**Task material:**

******************************

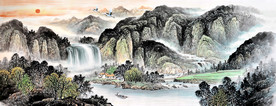 旭日东升 山水画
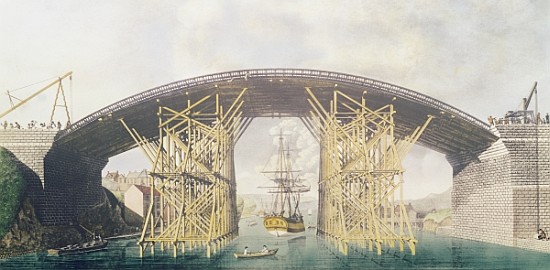 Iron Bridge over the Wear à École anglaise de peinture
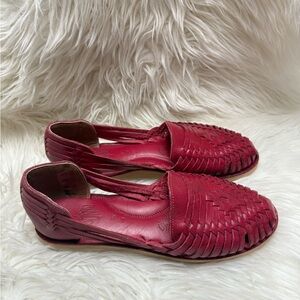 Espiritu Red Woven Leather Huarache Flats Women’s Size 9 | Handmade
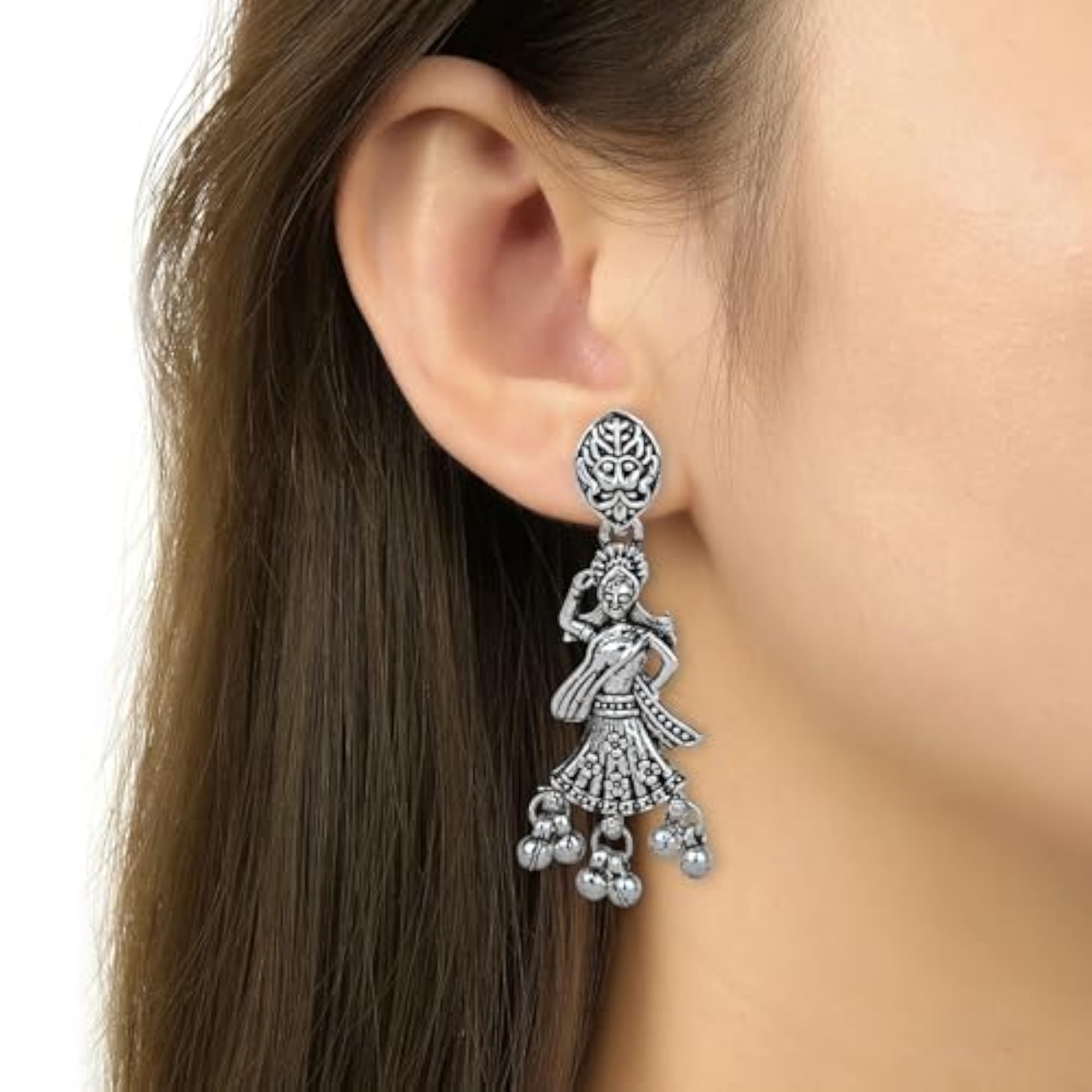 Women's Silver Oxidised Design Long Necklace Jewellery Set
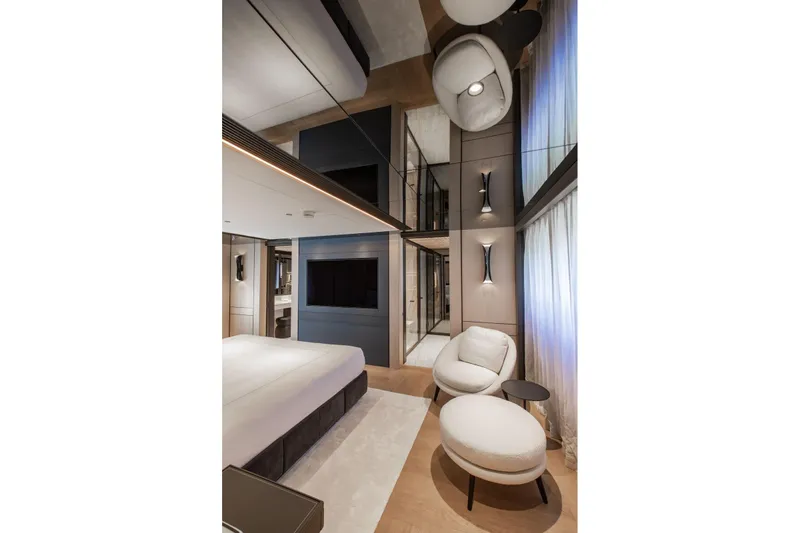  Yacht Photos Pics Luxurious interior of 2025 Baglietto DOM 133 yacht with modern furnishings and elegant design.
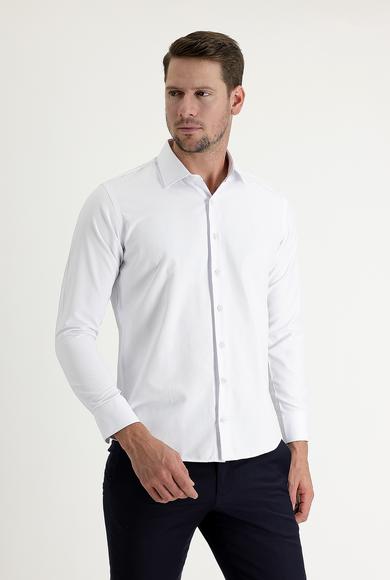 Erkek Giyim - BEYAZ L Beden Uzun Kol Slim Fit Dar Kesim Klasik Desenli Pamuklu Gömlek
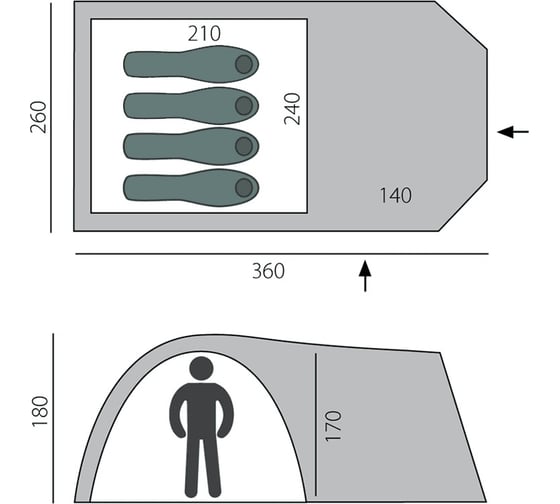 Палатка BTrace Element 4 T0507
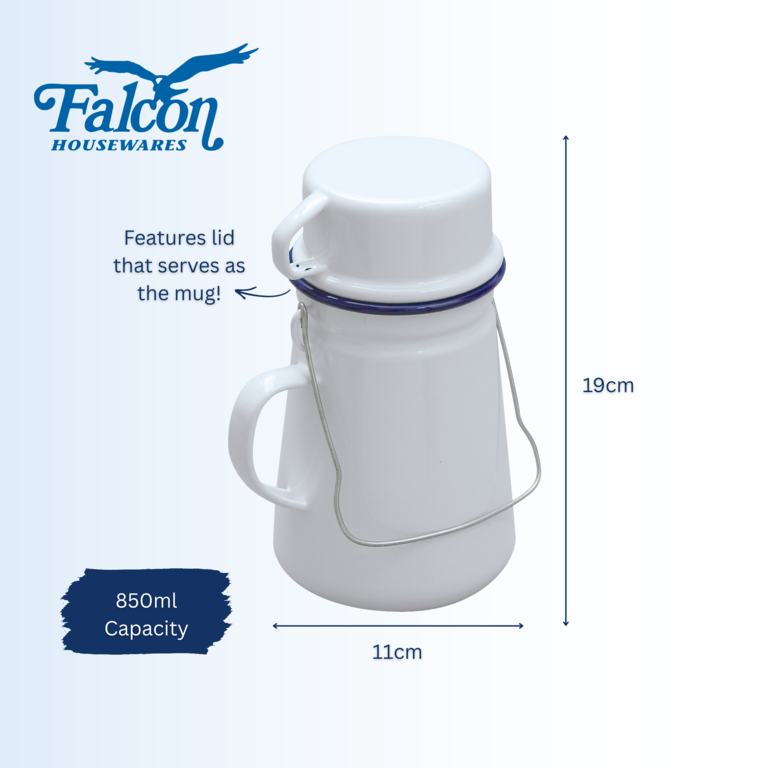 Falcon Tea Can Including Cup - Traditional White 11cm x 19D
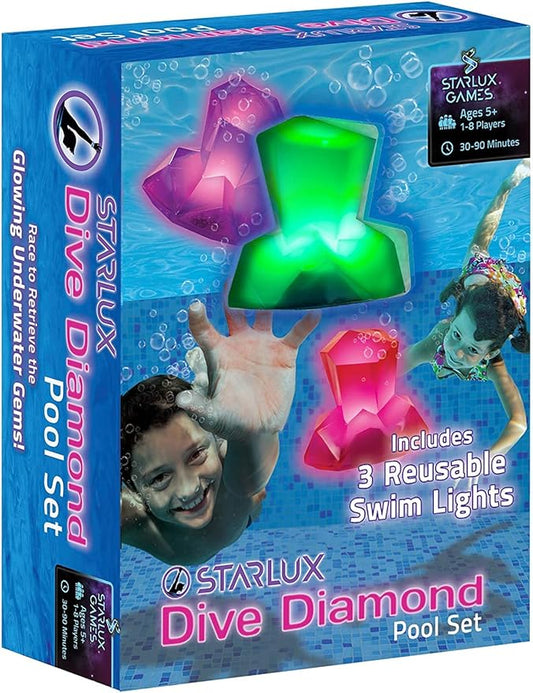 Dive Diamonds – Diving Toys and Light Up Pool Toys for Kids | Ages 4-8+, 1-8 Players | Glow in the Dark Pool Toys, Light Up Dive Toys | Swim Toys | Pool Diving Toys | Bright, Easy Grip, 100% Reusable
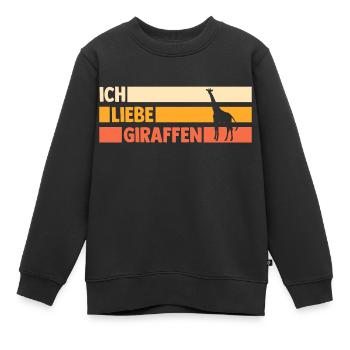 Giraffe Giraffen - Kinder Premium Organic Sweatshirt - Schwarz - Vorne - AI Model Kid Female (0cm)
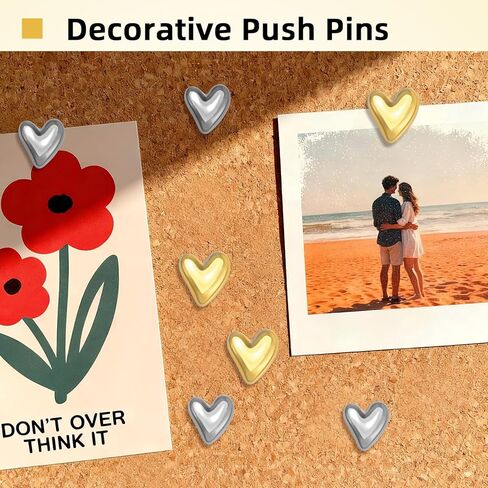 60Pcs Cute Decorative Push Pins Gold Silver Heart Thumb Tacks Pins for Bulletin Board Cork Notice Decor Thumbtacks Supplies for Wall Home Office Posters Photos Postcards Maps Fixing in Saudi Arabia
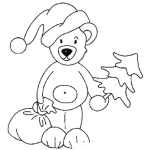 Dibujo para colorear Dibujo De Osito Con Arbolito De Nvavidad Y Gorrito De Santaclaus Para Pintar Y Colorear
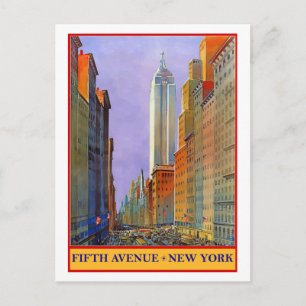 Fifth Avenue, New York, vintage reisansichtkaart Briefkaart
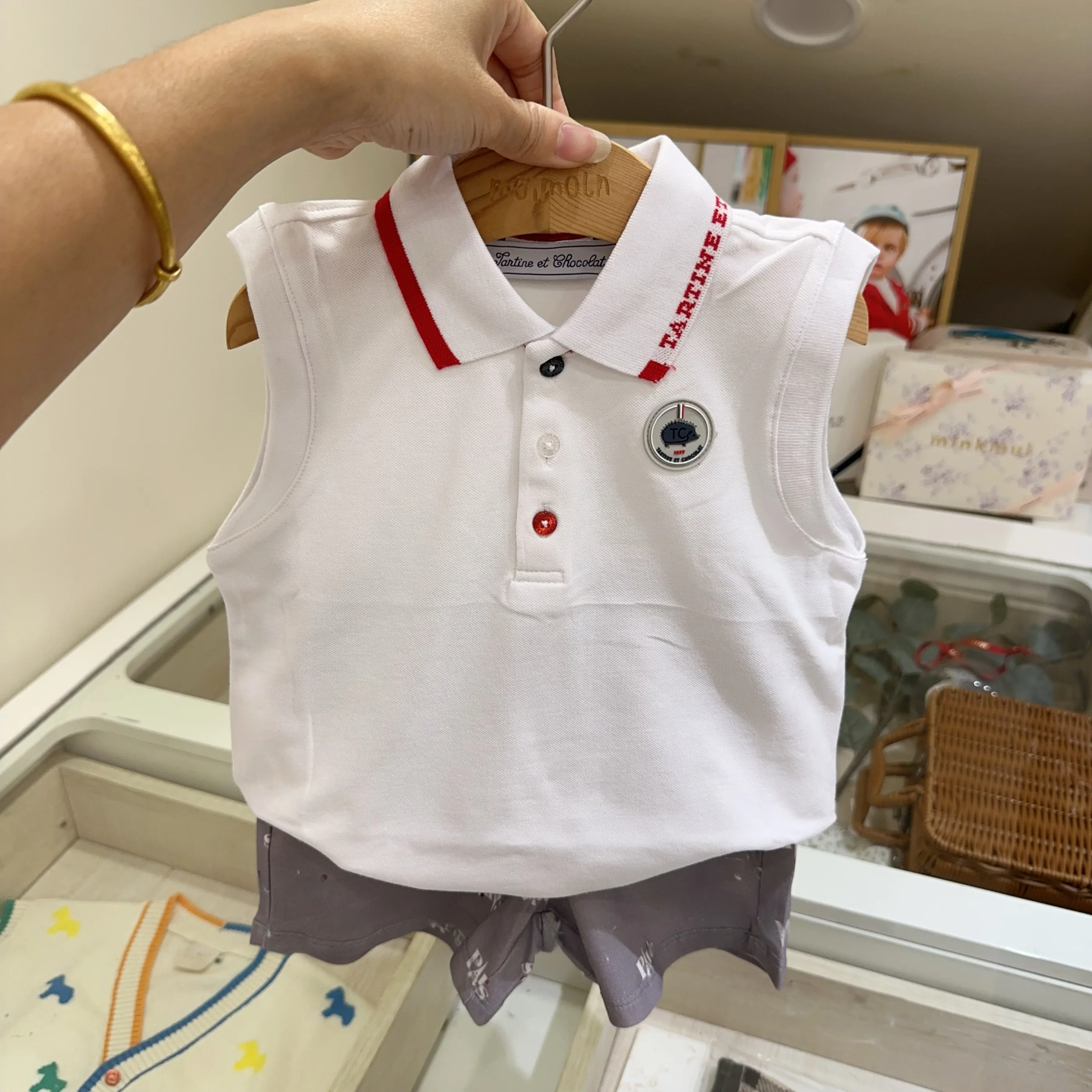 

Summer Fashionable Neck Sleeveless Vest T-Shirt Set for Kids Baby Cotton Casual Wear Unisex Thin Material Korean Style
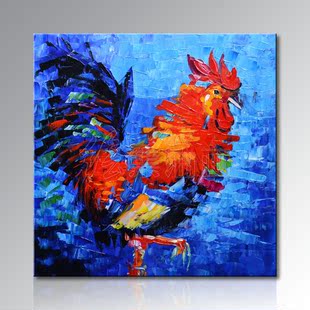 纯手绘厚油公鸡玄关餐厅客厅卧室立体动物抽象画现代装饰油画挂画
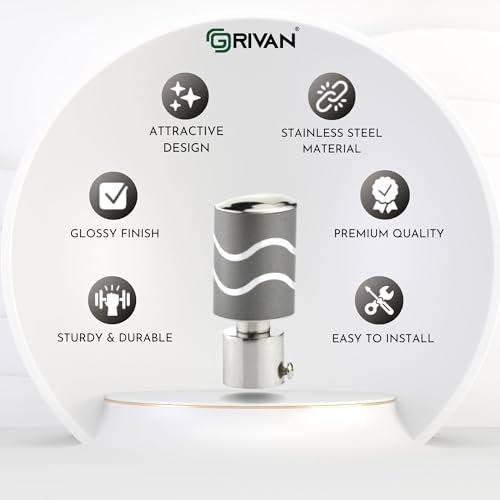 Image of GRIVAN Stainless Steel Curtain Holder Set for Door Window Wall Suitable for 1 Inch Rod Curtain Bracket Support Knobs Accessories (Grey, Pair of 2)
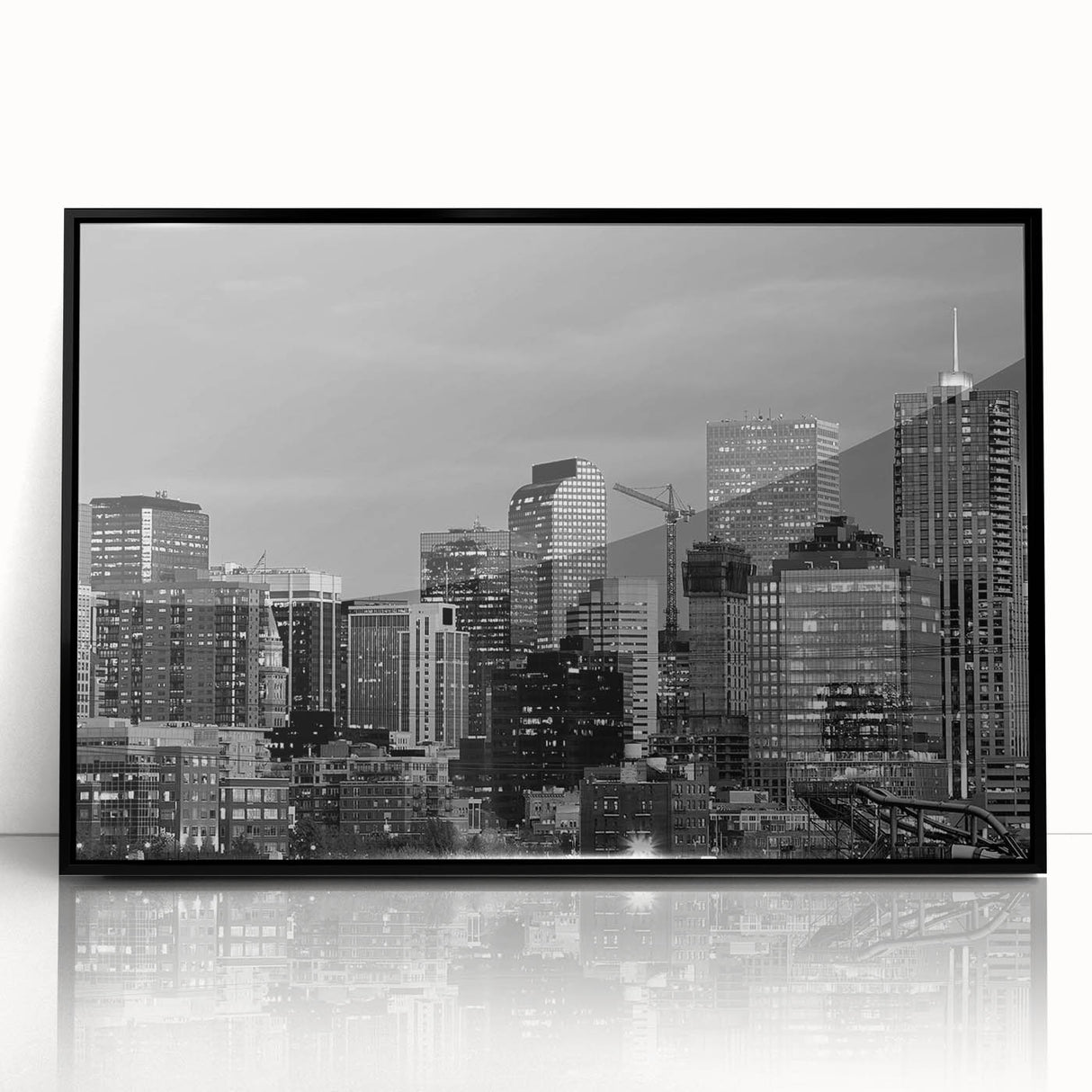 Large abstract wall art featuring a mid-century modernist depiction of the Denver skyline in muted earth tones on a framed…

******************************

**Work order:** Return each entry exactly as given. Leave the images out.

**Result for this exercise:**
 旭日东升 山水画
 Iron Bridge over the Wear à École anglaise de peinture
 Espiritu Red Woven Leather Huarache Flats Women’s Size 9 | Handmade
 Women's Silver Oxidised Design Long Necklace Jewellery Set
  Yacht Photos Pics Luxurious interior of 2025 Baglietto DOM 133 yacht with modern furnishings and elegant design.
 Erkek Giyim - BEYAZ L Beden Uzun Kol Slim Fit Dar Kesim Klasik Desenli Pamuklu Gömlek
 Палатка BTrace Element 4 T0507
 Falcon Tea Can Including Cup - Traditional White 11cm x 19D
 Dive Diamonds – Diving Toys and Light Up Pool Toys for Kids | Ages 4-8+, 1-8 Players | Glow in the Dark Pool Toys, Light Up Dive Toys | Swim Toys | Pool Diving Toys | Bright, Easy Grip, 100% Reusable
 Giraffe Giraffen - Kinder Premium Organic Sweatshirt - Schwarz - Vorne - AI Model Kid Female (0cm)
 60Pcs Cute Decorative Push Pins Gold Silver Heart Thumb Tacks Pins for Bulletin Board Cork Notice Decor Thumbtacks Supplies for Wall Home Office Posters Photos Postcards Maps Fixing in Saudi Arabia
 Dibujo para colorear Dibujo De Osito Con Arbolito De Nvavidad Y Gorrito De Santaclaus Para Pintar Y Colorear
 Fifth Avenue, New York, vintage reisansichtkaart Briefkaart

Summer Fashionable Neck Sleeveless Vest T-Shirt Set for Kids Baby Cotton Casual Wear Unisex Thin Material Korean Style
 纯手绘厚油公鸡玄关餐厅客厅卧室立体动物抽象画现代装饰油画挂画
 Image of GRIVAN Stainless Steel Curtain Holder Set for Door Window Wall Suitable for 1 Inch Rod Curtain Bracket Support Knobs Accessories (Grey, Pair of 2)
 Large abstract wall art featuring a mid-century modernist depiction of the Denver skyline in muted earth tones on a framed…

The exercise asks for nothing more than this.